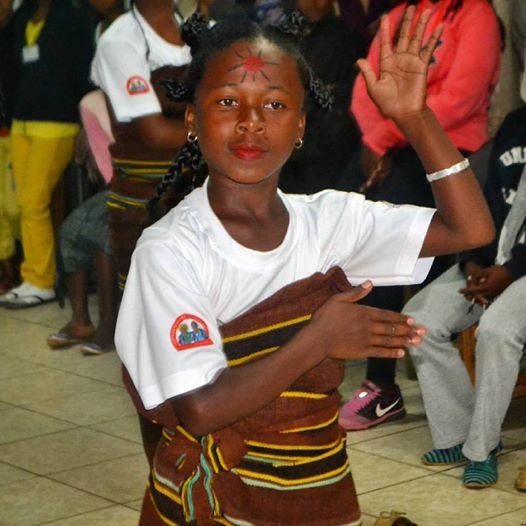 Claudia performs a traditional Antandroy dance.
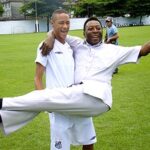 Pelé Instagram - Para sempre, Meninos da Vila! Parabéns, @neymarjr, por superar o Rei em gols pela Seleção Brasileira em jogos oficiais da FIFA. Com certeza Pelé está te aplaudindo hoje! . Meninos da Vila, forever! Congratulations, @neymarjr, for surpassing the King in goals for the Brazilian National Team in official FIFA matches. Surely Pelé is applauding you today!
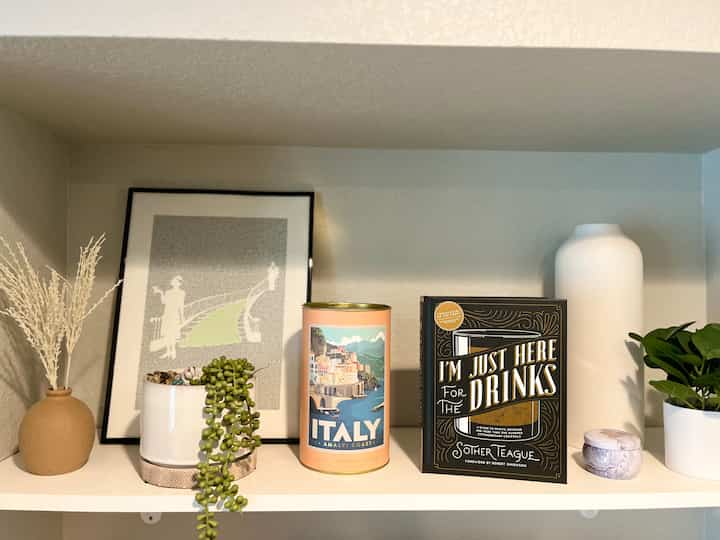 Decorative shelf inspo #shelfie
::::::::
YOUR OBJECTIVE: The line with "Pelé Instagram - Para" marks the start, and the last line of the material marks the end. Reproduce exactly those two lines and every line between them, without the pictures.

ANSWER BOX:
 Pelé Instagram - Para sempre, Meninos da Vila! Parabéns, @neymarjr, por superar o Rei em gols pela Seleção Brasileira em jogos oficiais da FIFA. Com certeza Pelé está te aplaudindo hoje! . Meninos da Vila, forever! Congratulations, @neymarjr, for surpassing the King in goals for the Brazilian National Team in official FIFA matches. Surely Pelé is applauding you today!
 Decorative shelf inspo #shelfie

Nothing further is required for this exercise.